Les alliances locales
Il plaide pour la recherche de la robustesse, fondée sur la relocalisation des matériaux, modes constructifs, compétences et décisions à l’échelle du territoire. Ce qu’il appelle « l’alliance locale » : collaborer avec les partenaires du lieu, les habitants, bâtir avec les ressources et savoir-faire locaux. Privilégier la proximité plutôt que la distance.
« Chaque territoire peut innover » soutient-il. « Cette approche redonne du sens aux métiers d’architecte et d’ingénieur : les territoires accueillent ces projets désirables qui font du bien à tous ». Elle renforce la qualité des relations, développe la coopération entre les acteurs. Elle rejoint l’économie régénérative. Elle redonne aussi aux habitants une capacité d’agir sur leur cadre de vie.
Pour Daniel Schoen, les qualités à développer aujourd’hui et demain : la coopération, la frugalité, l’efficience, la bienveillance, l’écoute, la proximité, l’intelligence collective et l’alliance avec le vivant.
Scénarios de transition
Pierre Crispatzu, responsable RSE à l’INSA Strasbourg, partage une vision proche : « Aujourd’hui, on explore peu la sobriété. On préfère l’efficience : faire plus avec moins, plutôt que questionner l’usage et l’utilité » dit-il. Ancien ingénieur en économie circulaire à l’Ademe, il rappelle les quatre scénarios de transition vers la neutralité carbone 2050, modélisés par l’agence de la transition énergétique, du plus sobre au plus technosolutionniste, en fonction du choix de société : génération frugale, coopérations territoriales, technologies vertes, pari réparateur.

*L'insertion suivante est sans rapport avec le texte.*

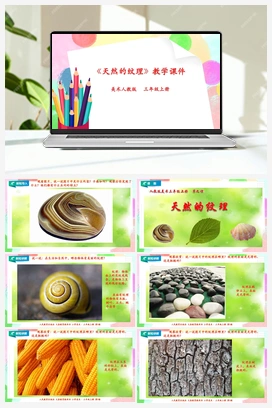 第9课 天然的纹理（课件+教案） 人教版小学美术三年级上册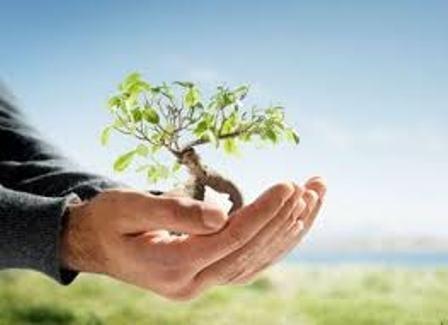 محیط زیست محیط زیست,اخبار علمی,خبرهای علمی,طبیعت و محیط زیست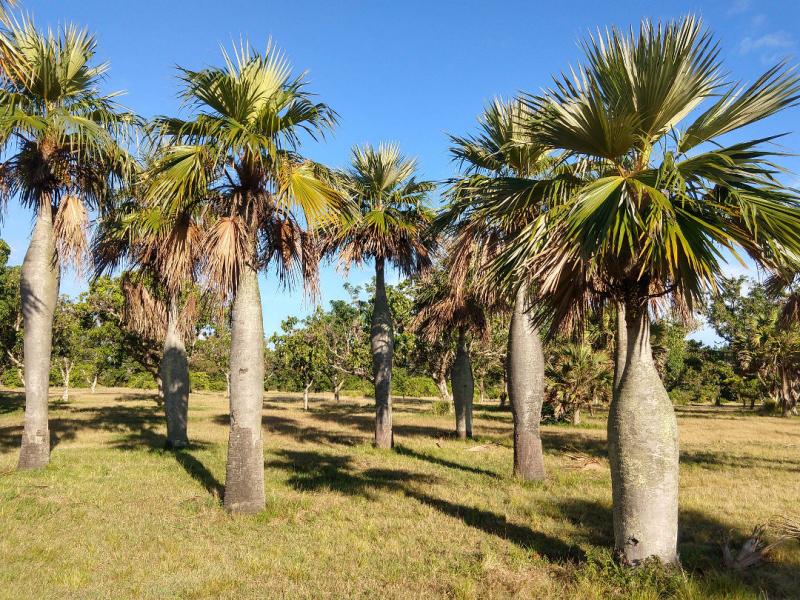 Palmetum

« L’ingénieur et l’architecte doivent sortir de leur position de neutralité et être humbles. Ils doivent intégrer les différentes dimensions du changement – économique, psychologique, sociologique et la gouvernance – pour participer aux scénarios de transition. » Selon lui, les qualités d’un projet sont aujourd’hui : la simplicité, la durabilité, la résilience, l’utilité. Au-delà de la technique, architectes et ingénieurs doivent développer des compétences interpersonnelles et psychosociales, pour écouter, dialoguer, coopérer.
Pour Daniel Schoen, « la meilleure façon de se retrouver est de tisser une coopération liée à un territoire et une culture. Elles emmènent le groupe, grâce au sentiment d’appartenance qui mobilise les personnes. C’est ce que nous apprennent les petites communes ».